Oltre che sulla manipolazione delle testimonianze dei minori, l’inchiesta si occupa anche dell’affidamento dei servizi di psicoterapia da parte del comune di Bibbiano. Come riporta Valigia Blu, dalle carte emerge come il sindaco del comune, Andrea Carletti, del PD, sia indagato per concorso in abuso di ufficio per aver «omesso di effettuare una procedura a evidenza pubblica per l’affidamento del servizio di psicoterapia che aveva un importo superiore a 40mila euro», procurando intenzionalmente «un ingiusto vantaggio patrimoniale al centro studi Hansel e Gretel».

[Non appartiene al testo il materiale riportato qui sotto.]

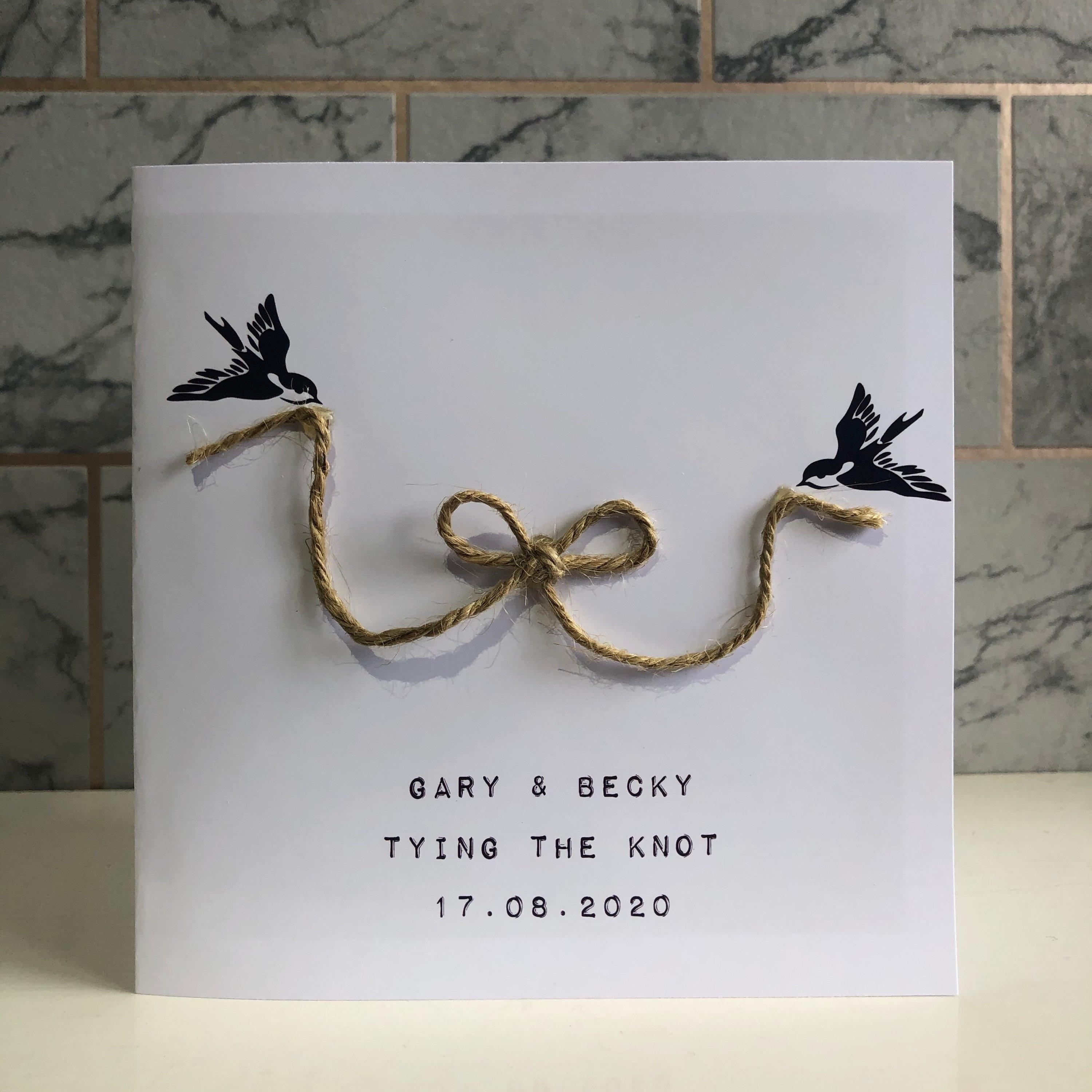 TYING THE KNOT wedding day card / Personalised / on your Etsy
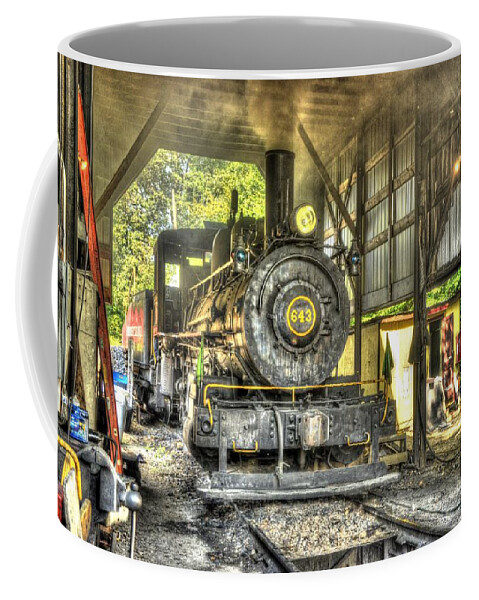 Engine Coffee Mug featuring the photograph In the engine shed steaming up by Paul W Faust - Impressions of Light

Il coinvolgimento del sindaco di Bibbiano in quest’inchiesta è diventato nei giorni scorsi anche un pretesto per alcuni partiti politici per accusare il PD – che il vicepresidente del Consiglio Luigi Di Maio ha definito «il partito di Bibbiano» – ma, come evidenziato dagli investigatori, in realtà la sua posizione non ha nulla a che fare con l’affido dei minori.

Il procuratore di Reggio Emilia Marco Mescolini ha infatti specificato che che il sindaco non ha nessun ruolo in quella parte dell’inchiesta, e che gli «viene contestato di aver violato le norme sull’affidamento dei locali dove si svolgevano le sedute terapeutiche, ma non è coinvolto nei crimini contro i minori». Carletti, infatti, in concorso con Anghinolfi, nel 2016 avrebbe affidato la gestione del centro “La Cura” a Foti nonostante, come risulterebbe dalle carte dell’inchiesta, la referente del servizio di neuropsichiatria infantile della Asl di Montecchio Emilia avesse detto che non c’era bisogno di rivolgersi agli psicologi del centro Hansel e Gretel, specificando che nella Asl di Reggio Emilia c’erano figure professionali in grado di gestire i bambini segnalati dai servizi sociali.

Carletti, secondo i pm, avrebbe agito «pienamente consapevole della totale illiceità del sistema sopra descritto e dell’assenza di qualunque forma di procedura ad evidenza pubblica» e avrebbe anche sostenuto le attività del centro studi Hansel e Gretel invitando Foti e Bolognini, retribuiti, a convegni in cui era lui stesso relatore. Il procuratore Mescolini ha specificato però di non credere che ci sia stata una «copertura politica» da parte di Carletti nel caso degli affidi, e ha aggiunto che «sotto inchiesta non c’è il sistema dei servizi: sotto inchiesta ci sono delle persone».

Il M5S è stato il partito più attivo nel contestare al PD un presunto legame con la onlus Hansel e Gretel: nei giorni scorsi, però, è emerso come proprio i consiglieri regionali del M5S in Piemonte avessero fatto in passato una donazione di quasi 200mila euro che andò in parte anche alla onlus, che ha sede poco lontano da Torino.


A gestire la struttura era onlus di Moncalieri chiamata “Hansel e Gretel”: un centro privato gestito dallo psicoterapeuta Claudio Foti e da sua moglie Nadia Bolognini, che risultano entrambi indagati (Foti è stato scarcerato il 18 luglio e non è più agli arresti domiciliari, ma per lui è stato disposto l’obbligo di dimora a Pinerolo).

Qui i bambini venivano sottoposti a sedute da parte di psicoterapeuti privati, che venivano pagati circa 135 euro a seduta, “a fronte della media di 60-70 euro e nonostante il fatto che l’Asl potesse farsi carico gratuitamente del servizio”, con un conseguente danno economico per l’Asl e per l’Unione Val D’Enza di 200 mila euro.